[Captioned web images]
[Start of section]
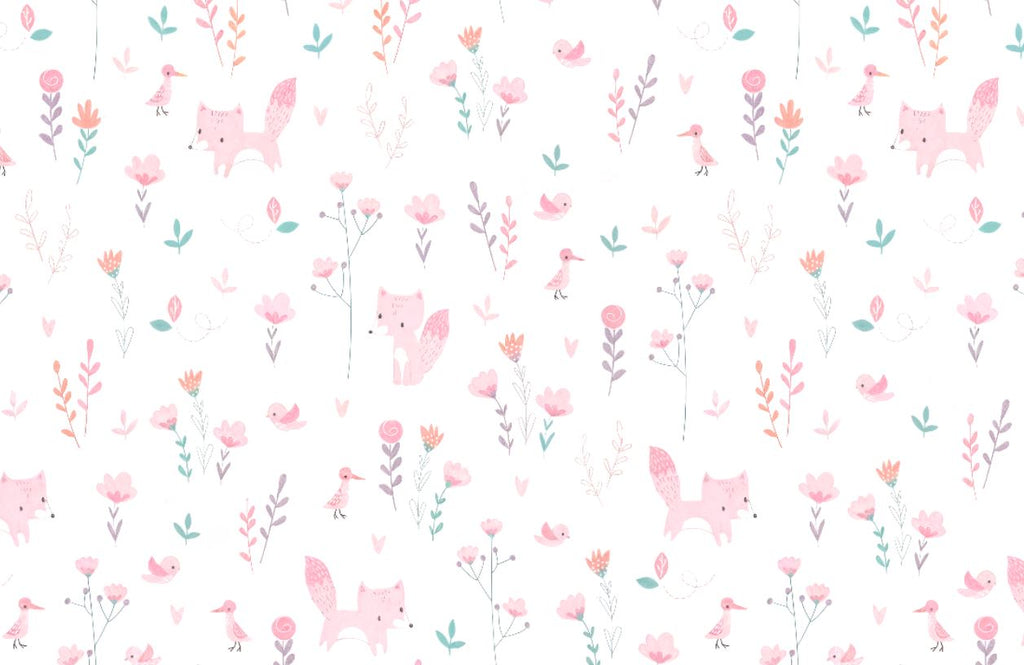 Tapet Personalizat Inspiratie Scandinava pentru Copii cu pattern de flori, pasari si vulpi roz pe fundal alb - LITTLE PINK FOXES
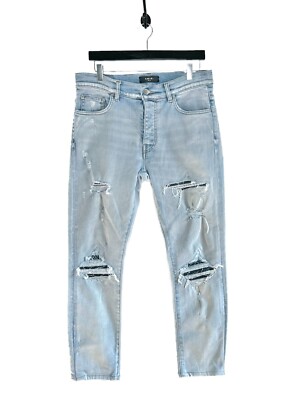 Amiri Light Washed Blue Green Bandana MX1 Jeans - 32 US | eBay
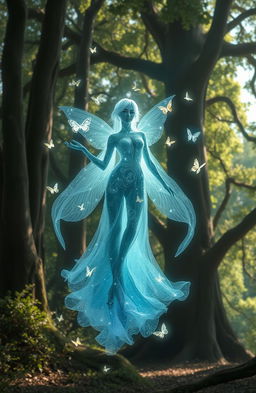 A stunningly designed individual spirit, ethereal and luminous, floating gracefully in a tranquil forest setting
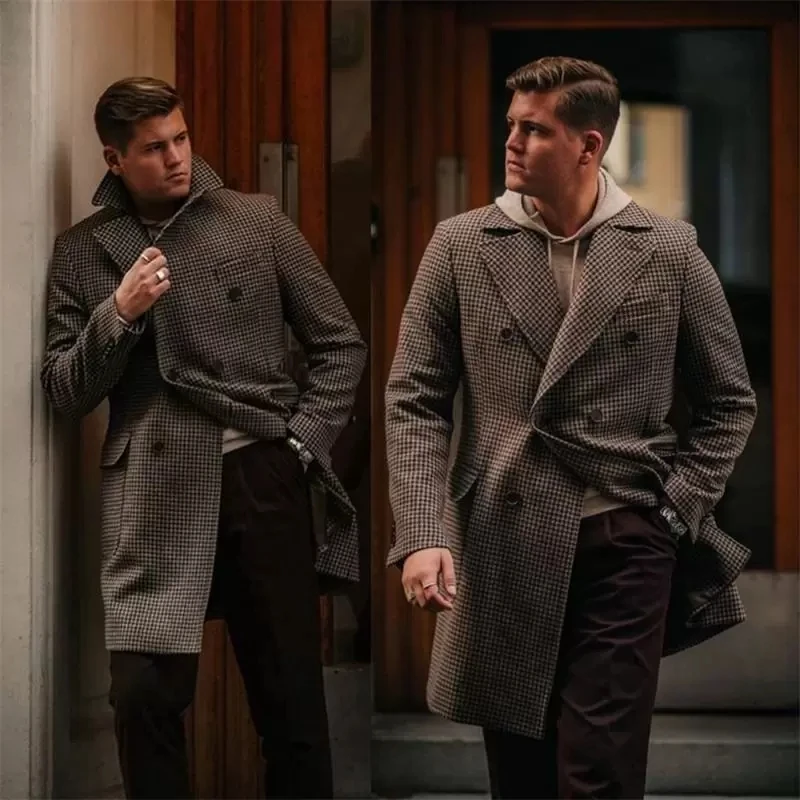

Houndstooth Brown Men Suit Overcoat Long Custom Made Winter Woolen Thick Coat Jacket Double Breasted Casual Fashion Male Outfit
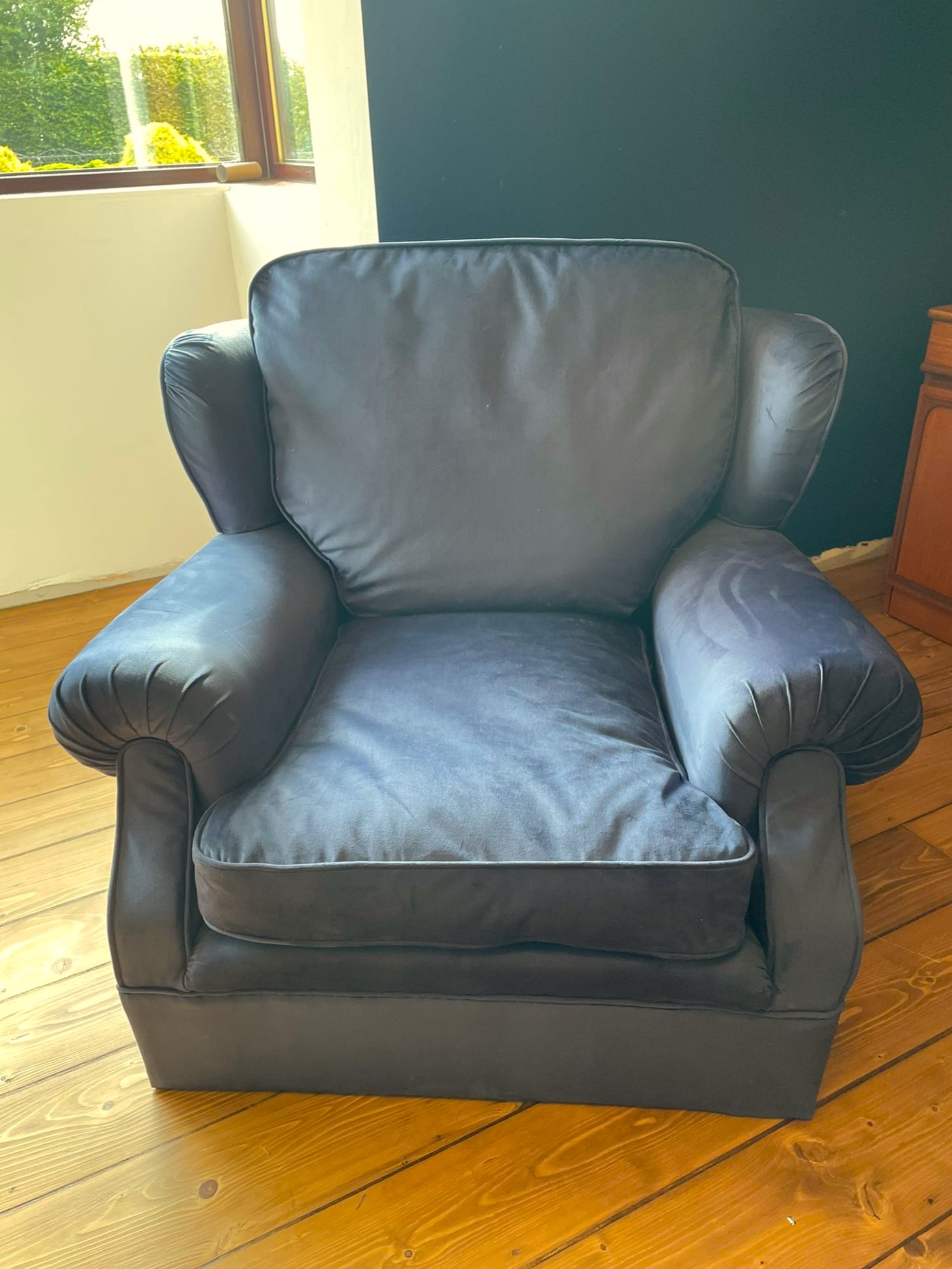 Blue re-upholstered chair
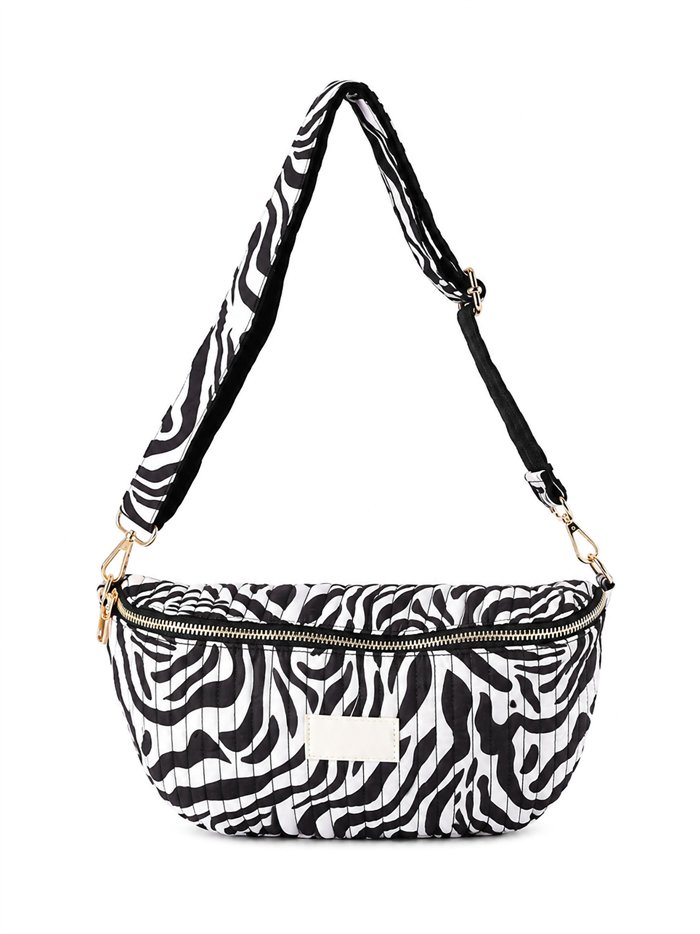 Quilted animal print shoulder bag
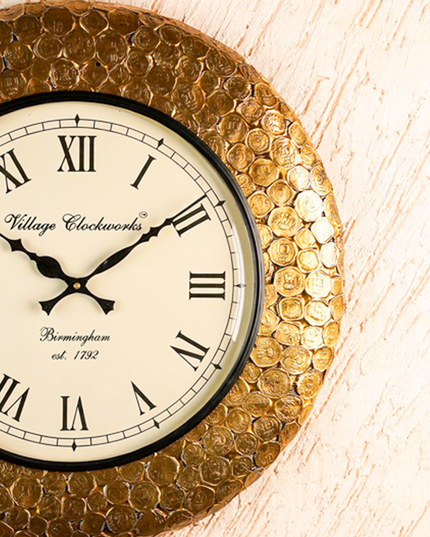Wall Clock - Embossed Brass with Coins - 18 inch  - WL5913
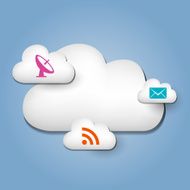 Cloud computing illustration with various communication icons N2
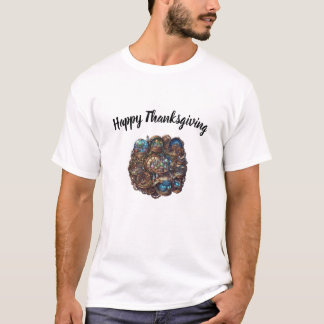 Camiseta de impresión doble Steampunk Feliz Día de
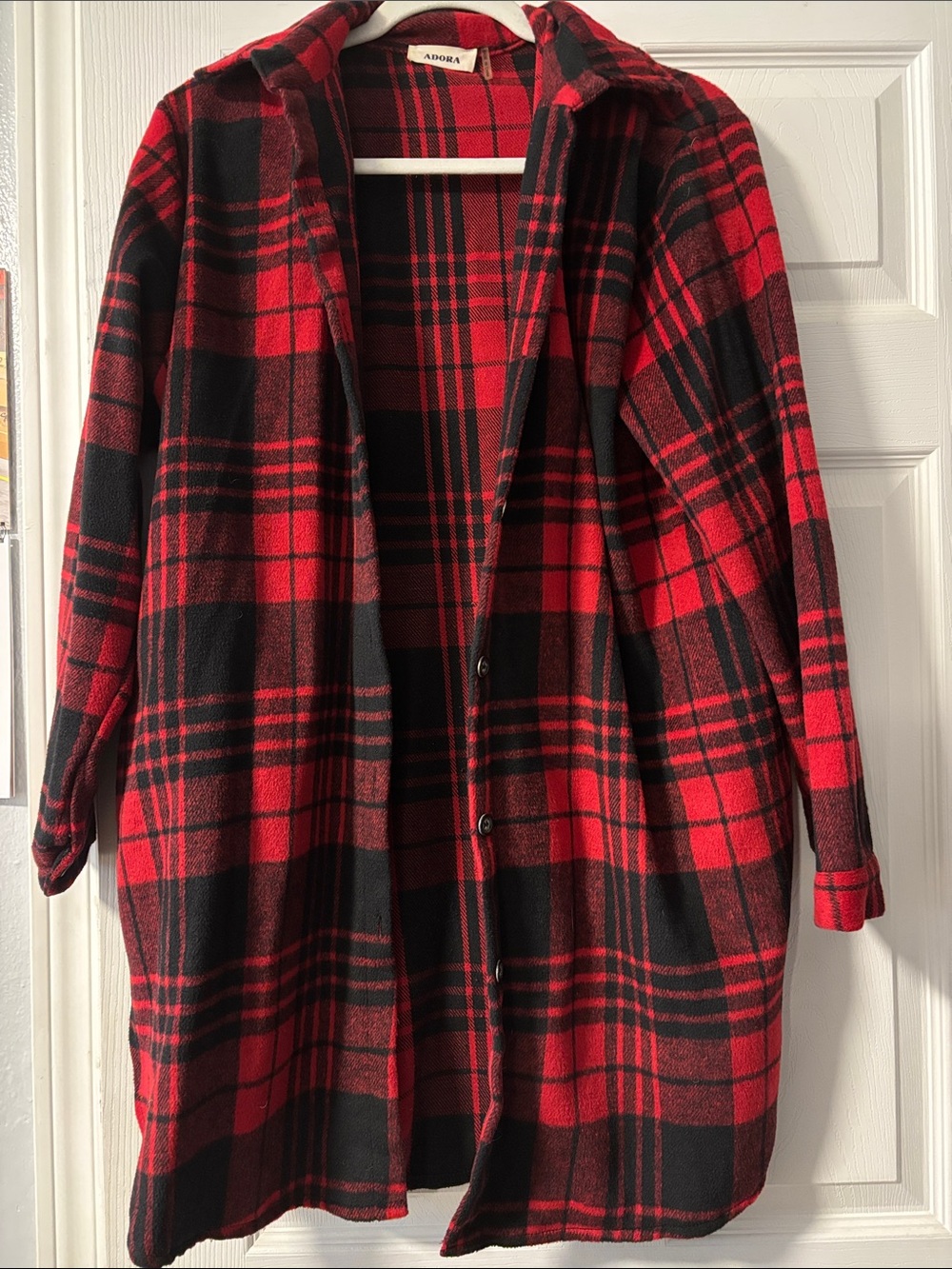 ADORA Red and Black Plaid Coat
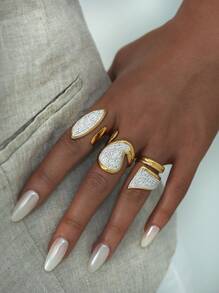Frminee 3 bucăți de vară pentru femei, la modă, de lux, placate cu aur de 18k, set de inele stivuibile din oțel inoxidabil, inele cu zirconiu cubic, cadouri de sărbători, accesorii populare romantice de Ziua Îndrăgostiților, accesorii de bijuterii populare pentru petreceri, inele de zi cu zi, inele de promisiune, inele de logodnă pentru femei, adolescente, bijuterii, cadouri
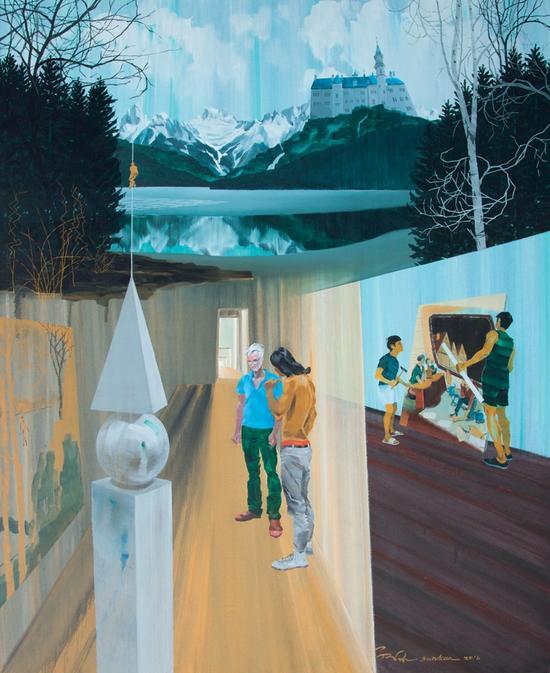 孙侃《向Neo Rauch学习》亚麻布丙烯油彩,220×180cm,2016年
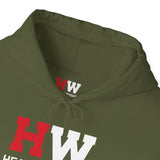 Heavy Weights Barbell Club  - Unisex Heavy Blend Hooded Sweatshirt  - Black Print Front/Back/Arm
[End of section]
▶ **Exercise prompt**: Find the line with "Houndstooth Brown Men" in the data above, and from there retype each line exactly through the line with "Wall Clock - Embossed", skipping the pictures along the way.

▶ **Exercise output**:
Houndstooth Brown Men Suit Overcoat Long Custom Made Winter Woolen Thick Coat Jacket Double Breasted Casual Fashion Male Outfit
 Blue re-upholstered chair
 Quilted animal print shoulder bag
Wall Clock - Embossed Brass with Coins - 18 inch  - WL5913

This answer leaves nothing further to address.